Tag 109 – Loslassen und weitergehen

Als mir Becky mitteilte, dass Essen als Station abgesagt hatte, war das der Tiefpunkt dieser Tage. Doch gerade in diesem Moment der Enttäuschung traf ich innerlich eine Entscheidung.
Wir hatten nicht nur Absagen bekommen, sondern auch viele wohlwollende Rückmeldungen von Institutionen, die wirklich bemüht waren, etwas zu ermöglichen – es aber aus organisatorischen Gründen oder wegen Personalmangel nicht umsetzen konnten. Mir wurde klar: Es sollte gerade einfach nicht sein.
Es lag nicht am Projekt. Dafür habe ich in den vergangenen Monaten zu viele positive Rückmeldungen und Erfahrungen gesammelt, die mir ein tiefes Vertrauen in das geben, was ich tue. Ich stellte mein künstlerisches Konzept nicht infrage – aber ich spürte, dass das Leben mich auf einen anderen Weg führen wollte.
Ich habe in meinem Leben oft erlebt, dass man Dinge noch so gut planen kann – und sie sich dann doch anders fügen. Je schneller man loslässt und in sich hineinspürt, desto eher zeigen sich neue Wege.
Und so war es auch diesmal.
Nachdem ich kurz in mich gegangen war, nahm ich die ganze Enttäuschung und den Frust bewusst wahr – aber darunter lag auch ein Gefühl, dass ich trotzdem auf dem richtigen Weg bin. Ich schrieb Becky, meiner Projektmanagerin, von der ich wusste, dass sie ihr Bestes für mich und das Projekt gab::
„Schade! Aber vielleicht sollen wir das so annehmen. Es gibt wohl erst einmal keine Stationen mehr. (…)
Ich werde mich darauf einstellen und schauen, was das bedeutet. Einige Menschen wollten mich ja privat begleiten, und auch Unterkünfte wurden mir angeboten. Vielleicht sind das genau die Begegnungen, die jetzt dran sind.“
Und tatsächlich: Noch am selben Tag, an dem ich innerlich losgelassen hatte – von der Vorstellung, dass mein Projekt nur mit großen Partnern und Institutionen „gültig“ ist – begann sich etwas zu bewegen.
Maria meldete sich, die mich schon früher eingeladen hatte, bei ihr in der Nähe von Düsseldorf zu übernachten. Sie hatte von meinem Projekt über ihren Sohn gehört, der in Neustadt an einer Dyade teilgenommen hatte. Sie verfolget online meinen Weg und stellte nun fest, dass meine neue Route direkt an einem Demeter-Bauernhof vorbeiführte, den sie kannte, und wollte dort für mich anfragen. Außerdem überlegte sie, mich zwei Tage zu begleiten – was sie später auch tat.

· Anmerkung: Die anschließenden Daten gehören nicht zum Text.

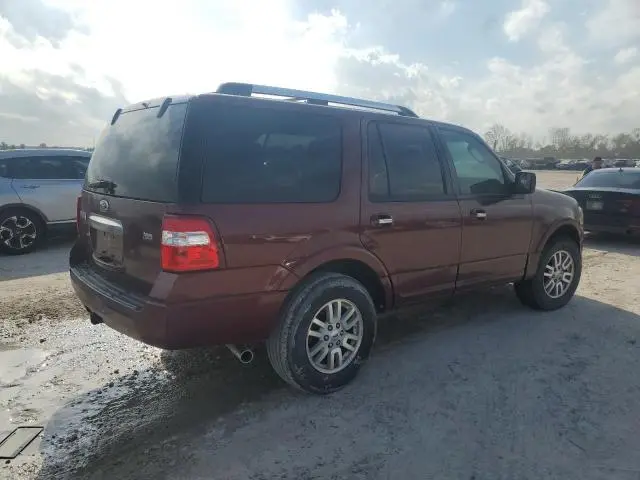 2012 FORD EXPEDITION LIMITED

Dann schrieb mir Manuel, ein Künstler und Dokumentarfilmer, der wie ich lange in Brasilien gelebt hat. Auch er hatte zufällig von meinem Projekt gehört und wollte ein Stück mit mir gehen, wenn ich in seiner Nähe sei.
In Münster konnte ich bei Bekannten privat unterkommen, und zwei ehemalige Teilnehmerinnen eines Achtsamkeits-Pilgerworkshops meldeten sich, um mich für einen Tag zu begleiten.
Wie aus dem Nichts ergaben sich plötzlich neue Wege – Menschen, Orte, Begegnungen.
Ich musste erst loslassen: die Idee fester Stationen, die Planung, das institutionelle Gerüst. Und genau in diesem Moment öffnete sich etwas anderes – persönlicher, etwas leiser, aber vielleicht auch etwas tiefer.
Beim gemeinsamen Gehen, beim Tee am Küchentisch, beim Helfen auf dem Bauernhof entstanden Begegnungen in Stille, die durch ihre Nähe und Zeit eine Tiefe bekamen, wie sie in offiziellen Settings kaum möglich ist.
Solange solche Begegnungen geschehen, gibt es keinen Grund zu zweifeln. Ich muss nur weitergehen – Schritt für Schritt, im Vertrauen, dass mir die richtigen Menschen begegnen werden.
Am nächsten Morgen machte ich mich bei nassgrauem Wetter von Leverkusen aus auf den Weg durchs Bergische Land. Und obwohl der Himmel schwer war, trug ich die Sonne im Herzen. Die Zuversicht war zurück – und mit ihr das Gefühl, dass der Weg mich weiterträgt.